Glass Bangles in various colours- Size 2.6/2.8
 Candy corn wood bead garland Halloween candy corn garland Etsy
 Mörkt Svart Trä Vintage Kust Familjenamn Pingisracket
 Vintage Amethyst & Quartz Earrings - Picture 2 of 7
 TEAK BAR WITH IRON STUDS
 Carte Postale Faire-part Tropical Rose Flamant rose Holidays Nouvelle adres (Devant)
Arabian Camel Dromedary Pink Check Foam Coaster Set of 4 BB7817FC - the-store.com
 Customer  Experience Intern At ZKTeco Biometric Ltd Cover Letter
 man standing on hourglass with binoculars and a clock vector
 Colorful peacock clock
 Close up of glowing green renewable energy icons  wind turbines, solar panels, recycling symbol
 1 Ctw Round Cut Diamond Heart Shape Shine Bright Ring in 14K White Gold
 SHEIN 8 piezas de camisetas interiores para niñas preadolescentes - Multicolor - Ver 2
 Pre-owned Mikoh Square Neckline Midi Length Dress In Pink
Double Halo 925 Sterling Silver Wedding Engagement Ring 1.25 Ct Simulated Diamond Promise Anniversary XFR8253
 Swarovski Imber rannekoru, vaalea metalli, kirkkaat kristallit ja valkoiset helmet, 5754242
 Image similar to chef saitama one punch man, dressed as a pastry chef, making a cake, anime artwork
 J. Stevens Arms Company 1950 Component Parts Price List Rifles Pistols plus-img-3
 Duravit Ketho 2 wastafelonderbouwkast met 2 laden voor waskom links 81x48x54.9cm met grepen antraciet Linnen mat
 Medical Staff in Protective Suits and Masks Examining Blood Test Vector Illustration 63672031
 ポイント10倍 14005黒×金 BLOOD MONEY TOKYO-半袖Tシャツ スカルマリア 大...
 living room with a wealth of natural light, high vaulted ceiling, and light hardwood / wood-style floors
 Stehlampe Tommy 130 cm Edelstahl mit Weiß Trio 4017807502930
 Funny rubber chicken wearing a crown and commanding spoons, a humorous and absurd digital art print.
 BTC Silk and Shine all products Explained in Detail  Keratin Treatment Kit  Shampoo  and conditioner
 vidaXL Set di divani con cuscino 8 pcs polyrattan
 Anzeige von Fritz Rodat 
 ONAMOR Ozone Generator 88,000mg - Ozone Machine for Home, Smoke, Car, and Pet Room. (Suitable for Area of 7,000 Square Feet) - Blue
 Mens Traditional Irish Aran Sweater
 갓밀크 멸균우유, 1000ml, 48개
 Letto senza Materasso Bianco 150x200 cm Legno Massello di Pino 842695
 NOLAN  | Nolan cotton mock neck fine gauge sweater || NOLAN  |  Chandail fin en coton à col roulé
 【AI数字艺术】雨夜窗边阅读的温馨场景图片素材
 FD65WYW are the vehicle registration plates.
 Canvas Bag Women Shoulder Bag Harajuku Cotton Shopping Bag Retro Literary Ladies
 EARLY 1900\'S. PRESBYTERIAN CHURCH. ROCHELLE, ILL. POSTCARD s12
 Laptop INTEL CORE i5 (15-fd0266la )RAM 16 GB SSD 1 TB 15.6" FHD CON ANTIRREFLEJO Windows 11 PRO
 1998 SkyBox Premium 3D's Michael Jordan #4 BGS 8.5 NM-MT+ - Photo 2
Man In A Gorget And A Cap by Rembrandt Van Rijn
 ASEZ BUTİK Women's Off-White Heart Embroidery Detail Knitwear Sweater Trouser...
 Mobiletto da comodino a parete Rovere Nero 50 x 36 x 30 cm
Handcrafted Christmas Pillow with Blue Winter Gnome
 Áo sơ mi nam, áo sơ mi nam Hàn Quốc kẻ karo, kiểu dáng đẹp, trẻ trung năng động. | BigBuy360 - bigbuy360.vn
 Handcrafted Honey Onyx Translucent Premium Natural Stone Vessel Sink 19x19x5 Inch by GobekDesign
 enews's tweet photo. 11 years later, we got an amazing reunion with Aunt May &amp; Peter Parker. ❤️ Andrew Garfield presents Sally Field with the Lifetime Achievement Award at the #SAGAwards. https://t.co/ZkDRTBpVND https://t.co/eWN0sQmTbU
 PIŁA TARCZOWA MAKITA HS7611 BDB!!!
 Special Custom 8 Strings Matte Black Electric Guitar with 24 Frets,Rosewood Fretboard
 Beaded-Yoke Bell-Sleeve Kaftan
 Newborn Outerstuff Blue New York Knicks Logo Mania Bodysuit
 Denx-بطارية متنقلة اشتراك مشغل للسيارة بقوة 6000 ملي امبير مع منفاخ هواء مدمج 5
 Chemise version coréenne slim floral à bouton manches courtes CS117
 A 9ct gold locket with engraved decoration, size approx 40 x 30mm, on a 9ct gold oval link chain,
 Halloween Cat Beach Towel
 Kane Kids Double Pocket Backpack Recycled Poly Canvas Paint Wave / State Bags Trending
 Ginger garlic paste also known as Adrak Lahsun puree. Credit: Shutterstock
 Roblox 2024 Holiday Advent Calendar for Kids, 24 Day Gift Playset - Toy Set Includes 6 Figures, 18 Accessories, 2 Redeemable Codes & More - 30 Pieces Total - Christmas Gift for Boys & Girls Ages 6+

━━━━━━━━━━━━━━━━

Nothing should appear in the answer except the lines above from the line with "Letto senza Materasso" through the line with "EARLY 1900\'S. PRESBYTERIAN", both included, written out exactly.

 Letto senza Materasso Bianco 150x200 cm Legno Massello di Pino 842695
 NOLAN  | Nolan cotton mock neck fine gauge sweater || NOLAN  |  Chandail fin en coton à col roulé
 【AI数字艺术】雨夜窗边阅读的温馨场景图片素材
 FD65WYW are the vehicle registration plates.
 Canvas Bag Women Shoulder Bag Harajuku Cotton Shopping Bag Retro Literary Ladies
 EARLY 1900\'S. PRESBYTERIAN CHURCH. ROCHELLE, ILL. POSTCARD s12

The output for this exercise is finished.